Yeah, I did not manage to get anything done yesterday after lunch. I knew beforehand and my attempts at not falling into my usually trap did not work out. It didn’t help that my husband was somewhat freaked about that family thing in the evening.
I did write my 500 words, and I went running, and got ready in time for the birthday dinner but that was about it.
The dinner went much better than we had thought it would, naturally. That often happens when you’re dreading something. The food was great, I spent most of the evening talking with the boy and a nephew and his girlfriend, and it was all real nice.
I went to bed past midnight but managed to sleep until eight so that’s good. It did throw off my whole morning but there’s nothing I can do about that. And I’m feeling a little bad because of eating food that we didn’t cook ourselves. It is really easy to forget about the fructose-intolerance when not eating out. Not that the food at the restaurant wasn’t delicious, because it was.
Today I hope to just have a quiet day with all my routine stuff. It is almost noon so I have no idea if I will manage the Friday cleaning. My husband is out running at the moment which would be a perfect time to vacuum.

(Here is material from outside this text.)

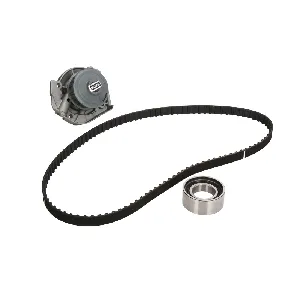 Pumpa za vodu + komplet zupčastog kaiša SKF VKMC 02202 IC-A7AC55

I am still contemplating finishing the first draft of the novel-in-progress until next week. That would mean writing for a little more than an hour each day starting today. No idea if I want to do that or not.
Other than that I would love to have lofty goals for the day but the way I’m feeling right now I think I’ll probably spend most of the afternoon sitting around reading yet again, so no use in making grandiose declarations.
Regular days are just the best.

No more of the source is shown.